Court sends Tallinn city official to prison for bribery and fines companies

Juhan Tere, BC, Tallinn, 01.04.2012.Print version
The Harju county court convicted on Friday a Tallinn city official for accepting bribes and sent him and several bribe givers to prison and fined several companies for granting bribes in a series of cases concerning granting construction permits, LETA/National Broadcasting reports.

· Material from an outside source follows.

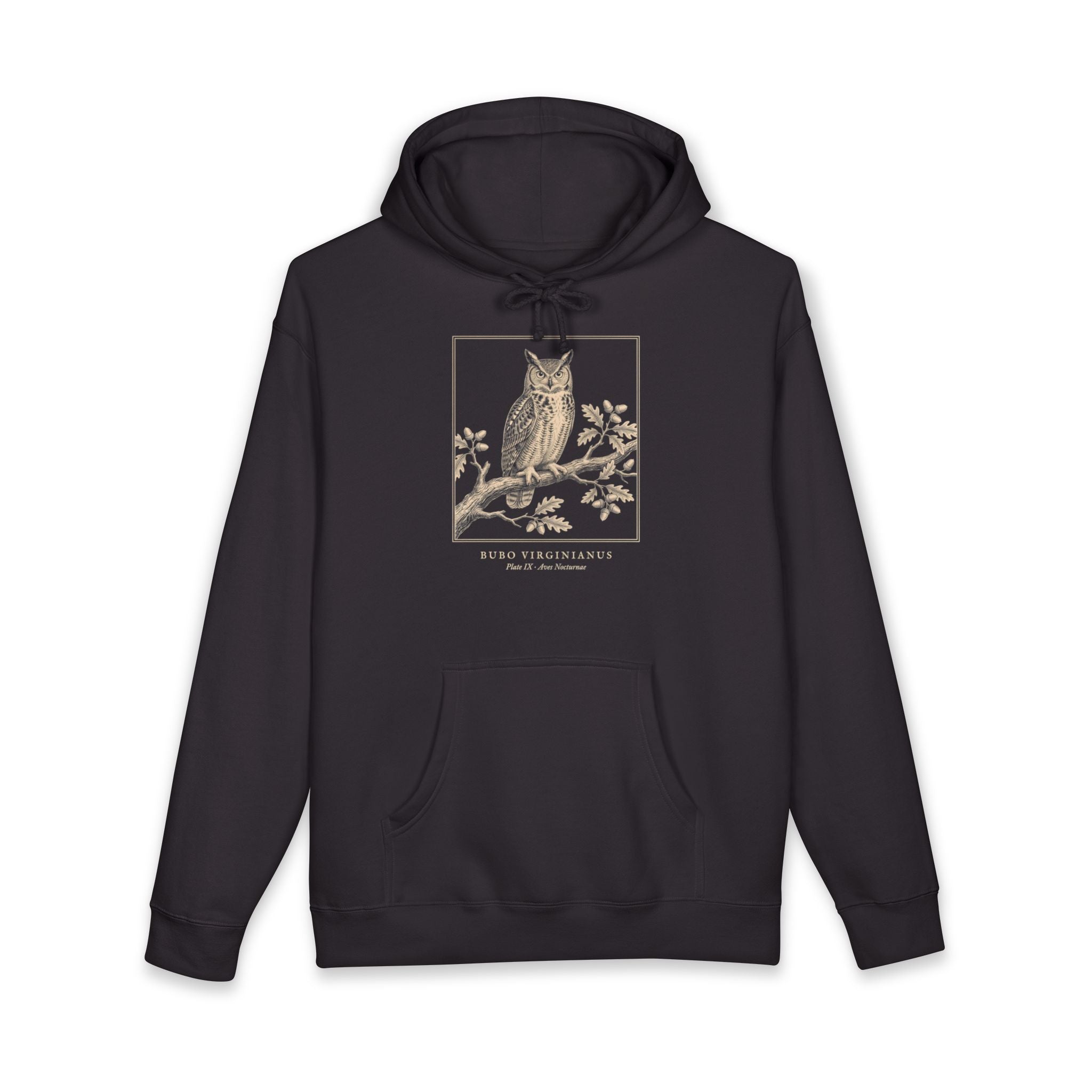 Great Horned Owl Engraving Heavyweight Hoodie – Bubo Virginianus Vintage Plate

The court convicted Ivo Parbus (52), current Central Tallinn city district media adviser, former adviser of deputy mayor of Tallinn for repeated acceptance of bribes in 2007-2008 and punished him with real prison time of 2 years and 6 months.

 

Parbus was at the time the adviser of deputy mayor Taavi Aas whose sphere of operations included among other things city planning, architecture and construction supervision. According to the indictment, Parbus took repeatedly bribes for fulfilling tasks that were a part of his job.

 

The court convicted Raivo Unt (50), Tallinna Farmaatsiatehas AS, Peeter Palusaar (42), Kaupmehe Arenduse OÜ, OÜ Woody, OÜ Metsailu, OÜ Constancia, AS Merko Ehitus and Aleksander Raide for giving a bribe; Toivo Susi (56), TLS Invest OÜ and businessman Tõnu Korts for repeated giving of bribes and Elmar Sepp (52) and Foundation Jüri Vilmsi Sihtkapital (currently bankrupt) for aiding and abetting to giving bribes.

 

Korts, board member of several of the abovementioned companies, will have to spend at least 5 months in prison, AS Tallinna Soojus council chairman Elmar Sepp has to spend at least 5 months in prison, TLS Invest board member Toivo Susi 4 months and 27 days, former city official Aleksander Raide 4 months and 27 days in prison.

 

Tallinna Farmaatsiatehas AS board member Raivo Unt has to serve 3 months at once. All were sentenced longer sentences but they had served some of the time during the investigation and some was on conditional basis. Businessman Peeter Palusaar had already served his sentence during the investigation and he was the only one that was released from the court hall today while everyone else was arrested in court and sent to prison at once.

 

The corporate persons were all also convicted and the fines they are required to pay range from 50,000 to 300,000 euros each.

 

Judge Merle Parts said that the court tried Parbus as an official rather than a private individual and in making the decisions took into account the fact that Tallinn city government obstructed with its inactivity construction activities, which forced entrepreneurs to look for alternative ways to solve their problems and enabled Parbus to provide selective construction permit proceedings for bribes.